* **Brief descriptive captions**:
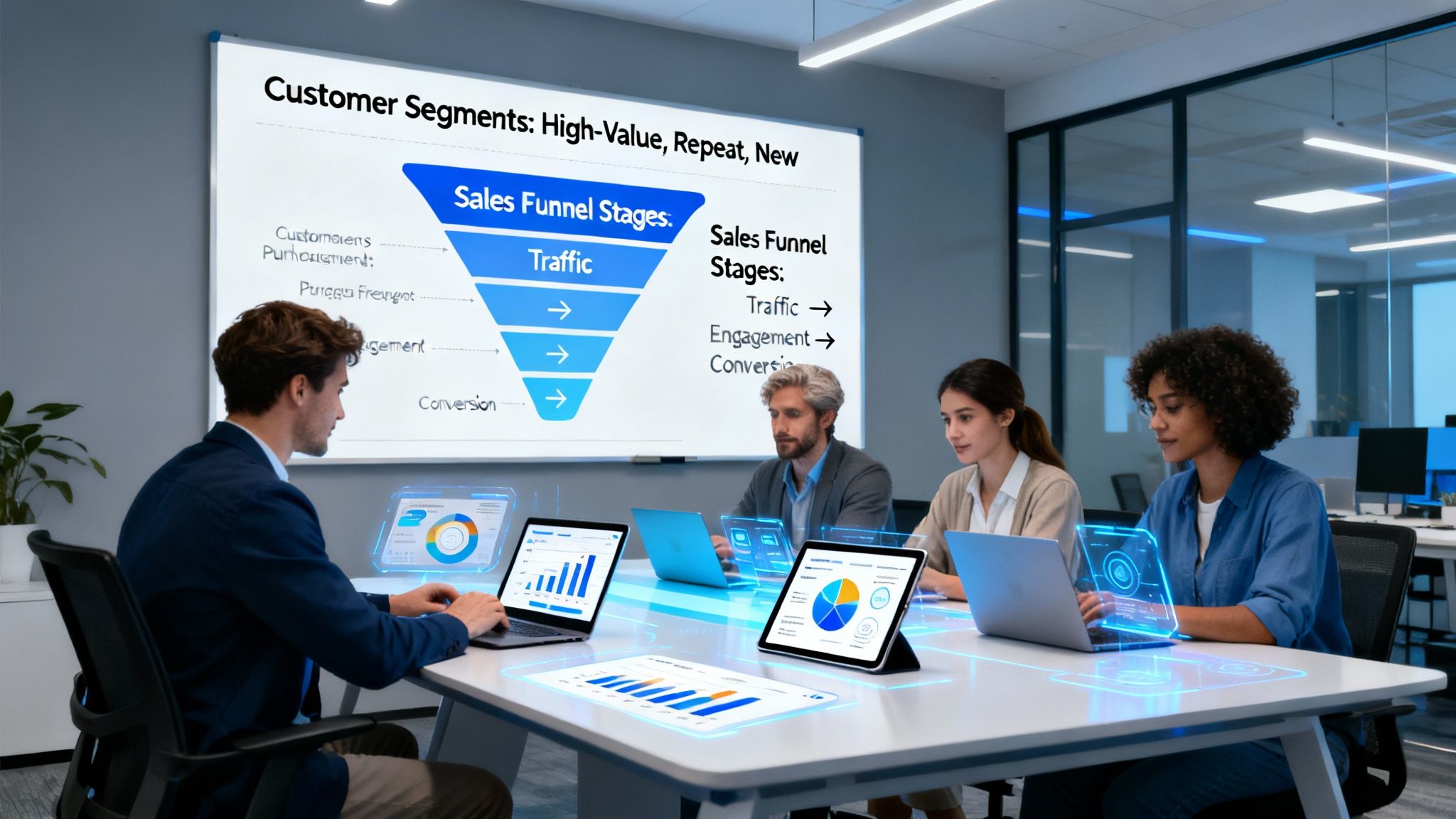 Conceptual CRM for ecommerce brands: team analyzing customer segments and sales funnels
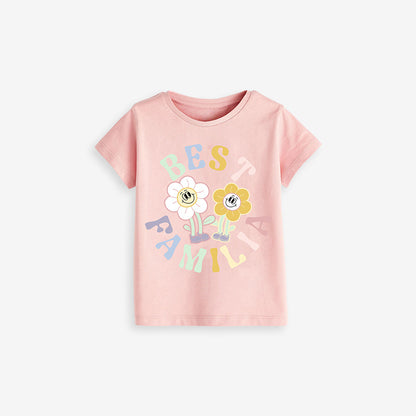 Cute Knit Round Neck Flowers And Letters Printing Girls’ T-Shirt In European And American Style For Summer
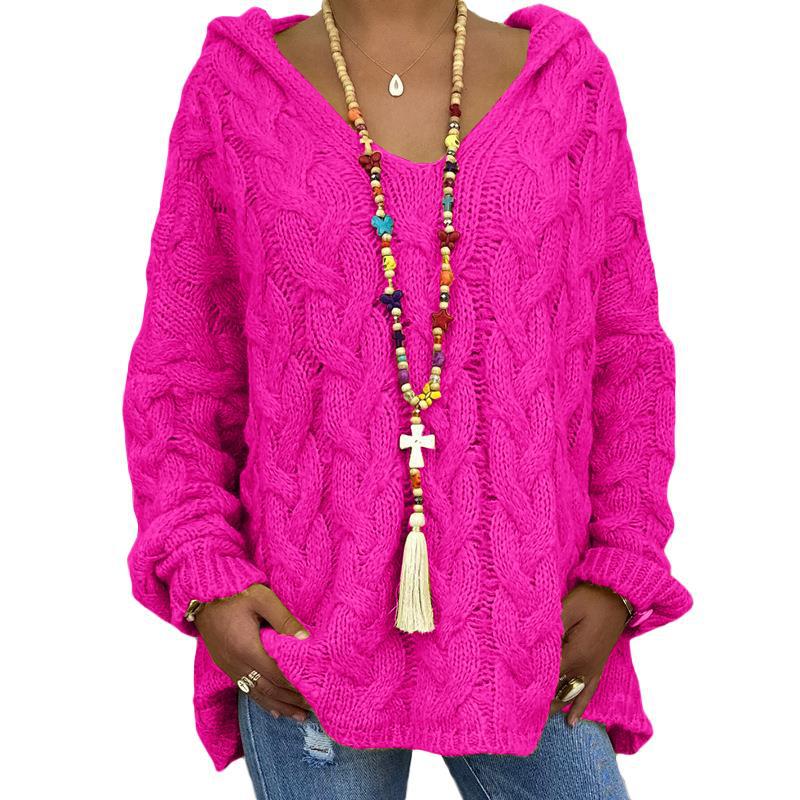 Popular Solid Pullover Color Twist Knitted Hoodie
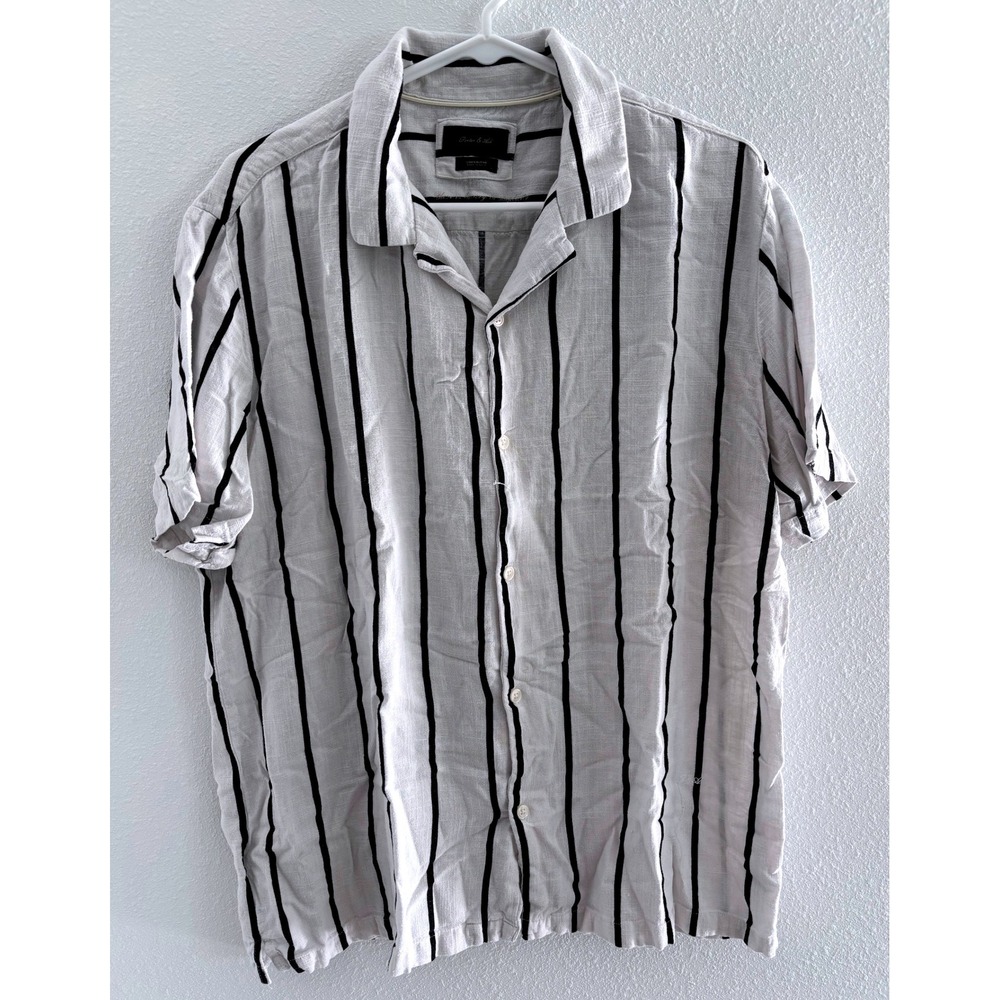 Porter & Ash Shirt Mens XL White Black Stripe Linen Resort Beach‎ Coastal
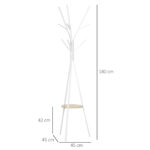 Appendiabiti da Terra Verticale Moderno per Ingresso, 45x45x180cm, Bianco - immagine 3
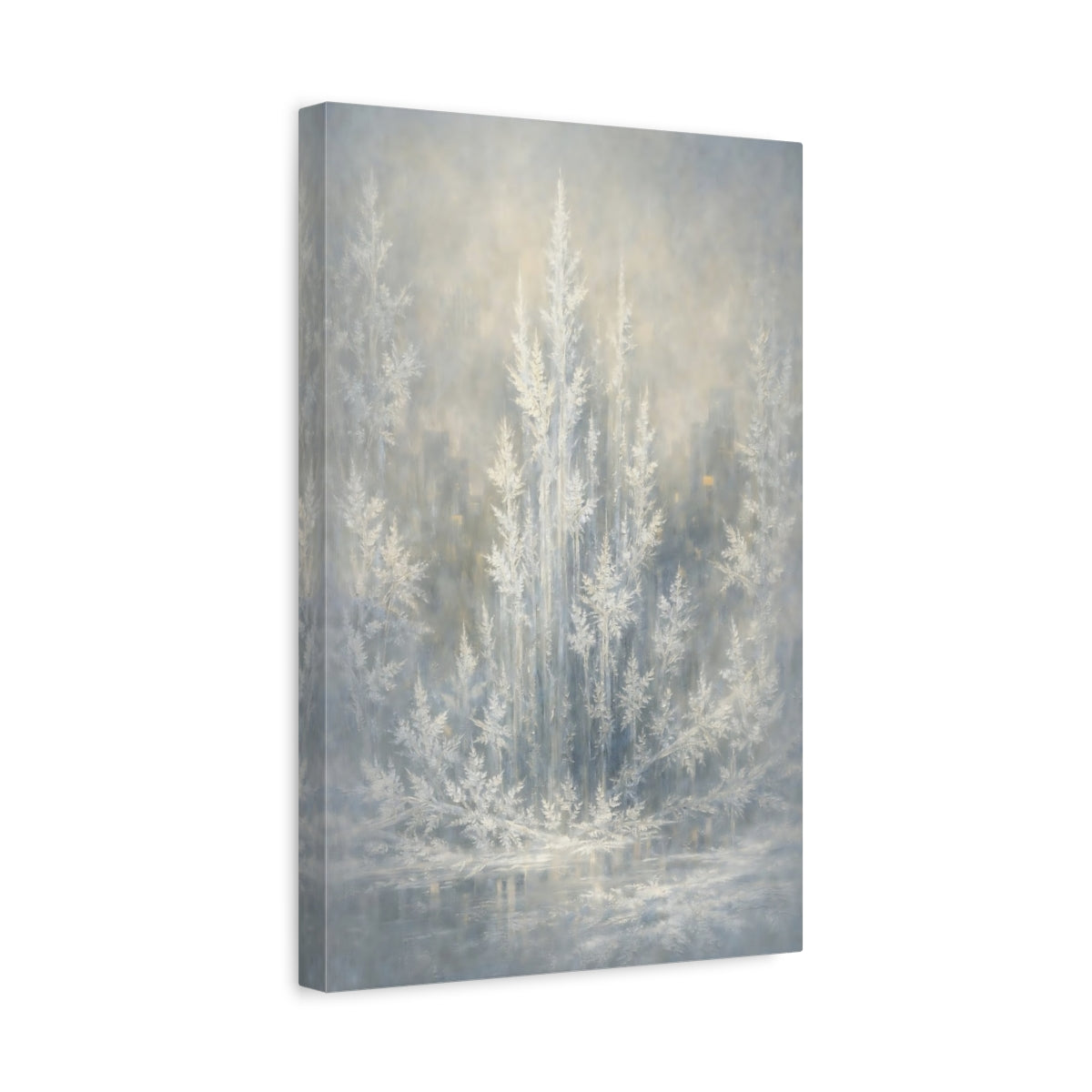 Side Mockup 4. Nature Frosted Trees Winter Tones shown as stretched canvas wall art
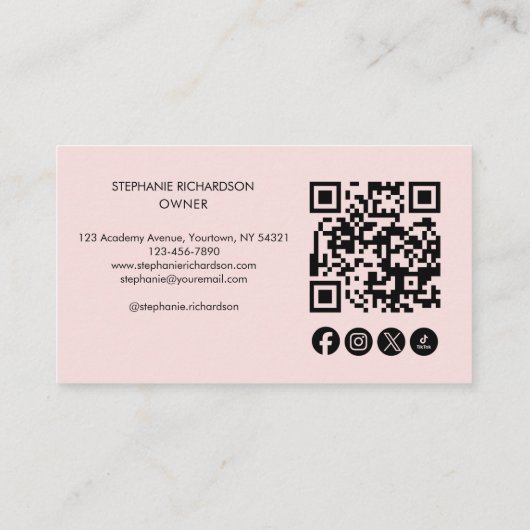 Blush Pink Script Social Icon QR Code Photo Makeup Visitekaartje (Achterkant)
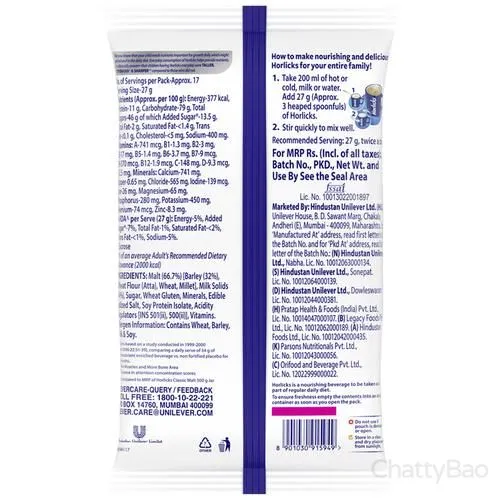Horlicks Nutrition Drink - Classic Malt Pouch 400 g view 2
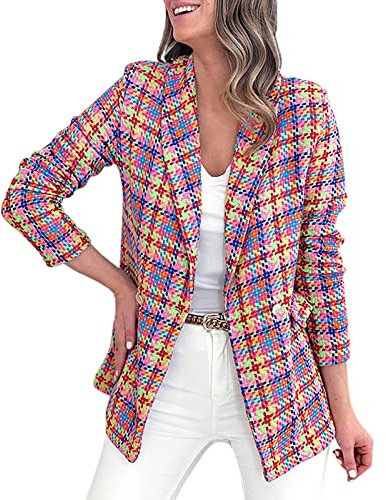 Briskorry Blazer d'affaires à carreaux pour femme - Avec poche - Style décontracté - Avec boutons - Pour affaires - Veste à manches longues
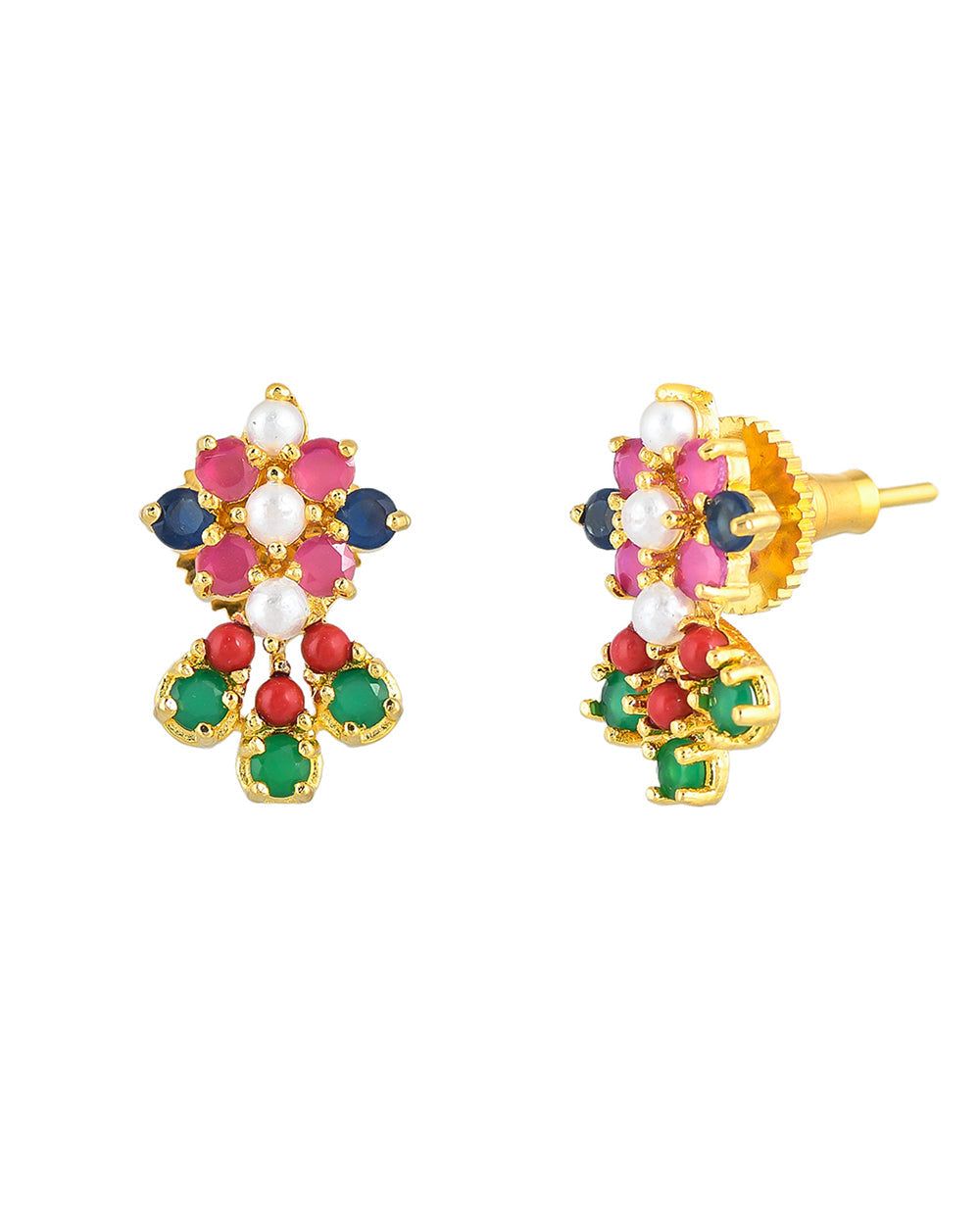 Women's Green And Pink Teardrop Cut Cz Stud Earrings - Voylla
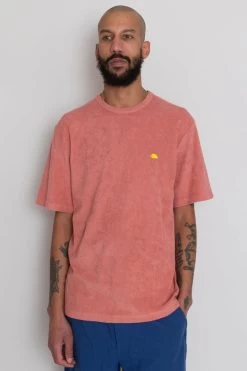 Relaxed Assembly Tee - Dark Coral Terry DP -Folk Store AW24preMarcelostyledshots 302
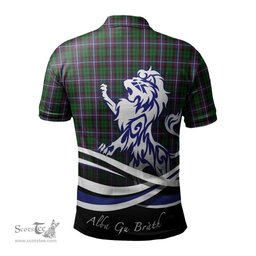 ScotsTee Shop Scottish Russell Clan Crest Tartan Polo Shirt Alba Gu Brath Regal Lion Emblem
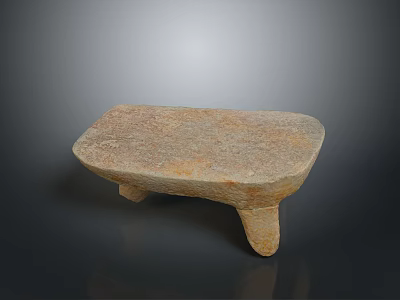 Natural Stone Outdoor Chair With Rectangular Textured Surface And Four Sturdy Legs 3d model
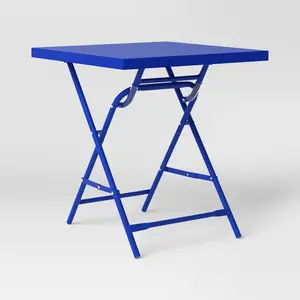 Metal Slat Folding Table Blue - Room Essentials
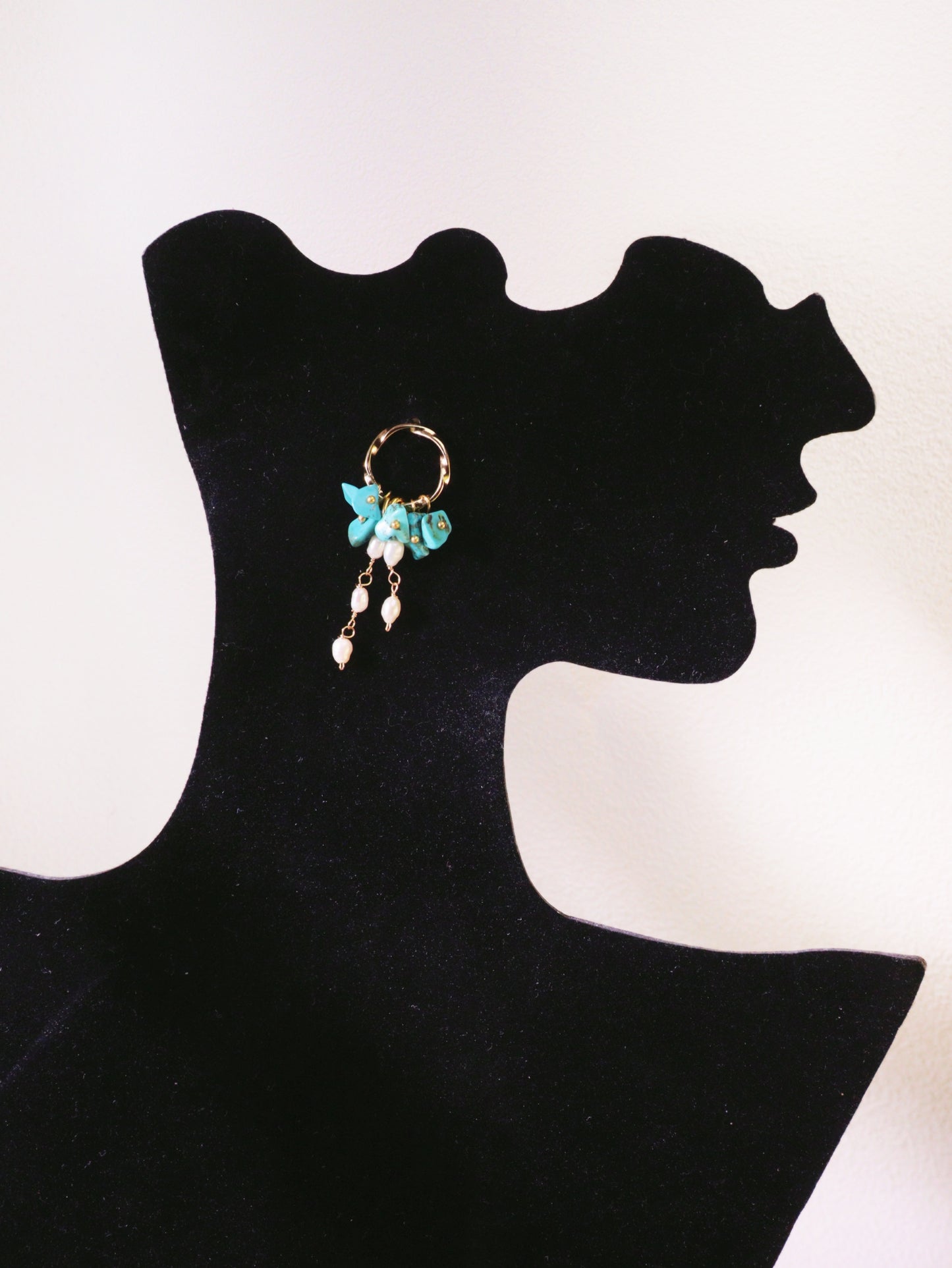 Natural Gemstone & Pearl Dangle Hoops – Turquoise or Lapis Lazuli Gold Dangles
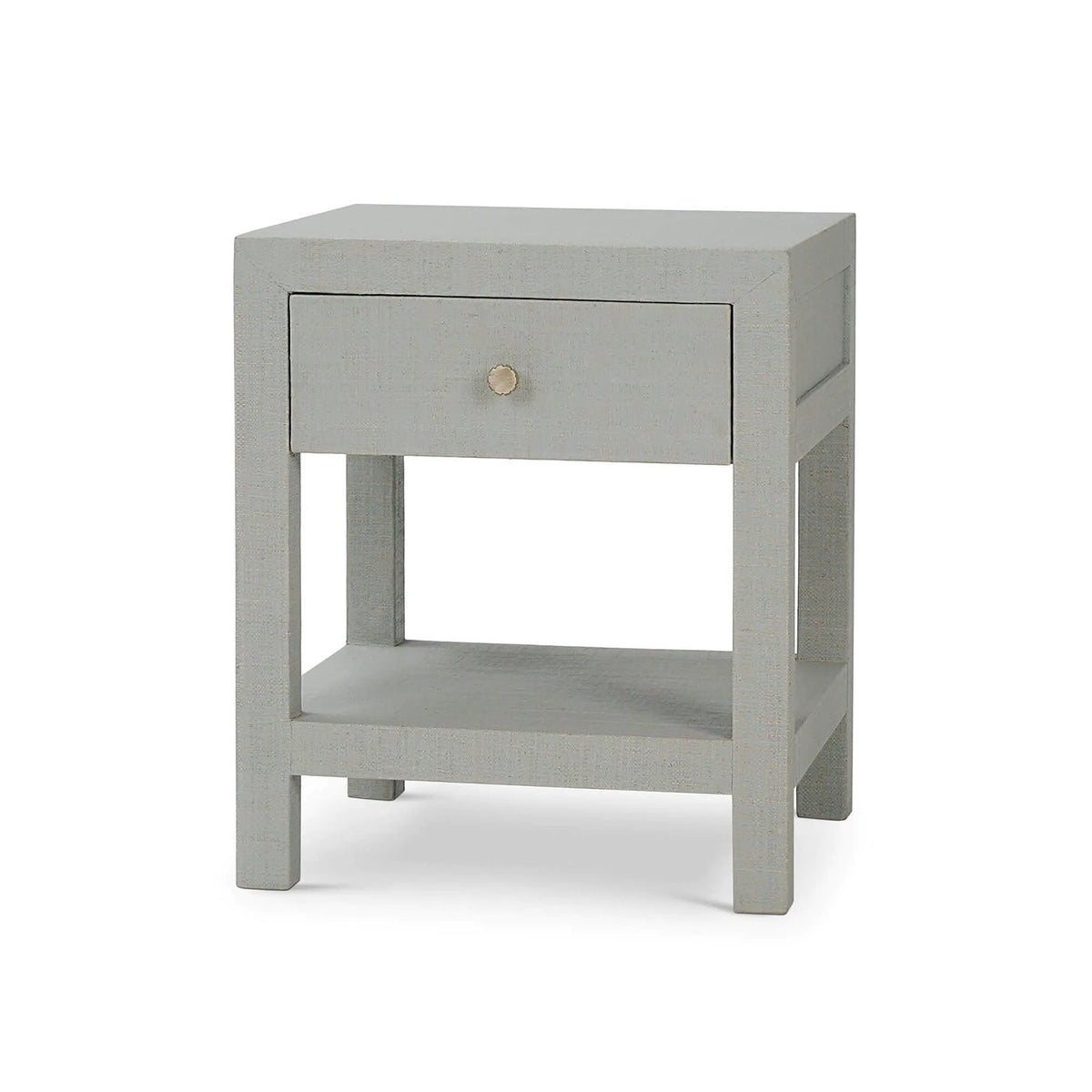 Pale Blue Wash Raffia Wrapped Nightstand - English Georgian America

* **PROBLEM DETAILS**:
Would you output only the span of the records above that opens with the line containing "Appendiabiti da Terra" and closes with the line containing "Relaxed Assembly Tee", ends included and pictures dropped?

* **EXERCISE SOLUTION**:
 Appendiabiti da Terra Verticale Moderno per Ingresso, 45x45x180cm, Bianco - immagine 3
 Side Mockup 4. Nature Frosted Trees Winter Tones shown as stretched canvas wall art
 Blush Pink Script Social Icon QR Code Photo Makeup Visitekaartje (Achterkant)
Horlicks Nutrition Drink - Classic Malt Pouch 400 g view 2
 Briskorry Blazer d'affaires à carreaux pour femme - Avec poche - Style décontracté - Avec boutons - Pour affaires - Veste à manches longues
 Women's Green And Pink Teardrop Cut Cz Stud Earrings - Voylla
 Relaxed Assembly Tee - Dark Coral Terry DP -Folk Store AW24preMarcelostyledshots 302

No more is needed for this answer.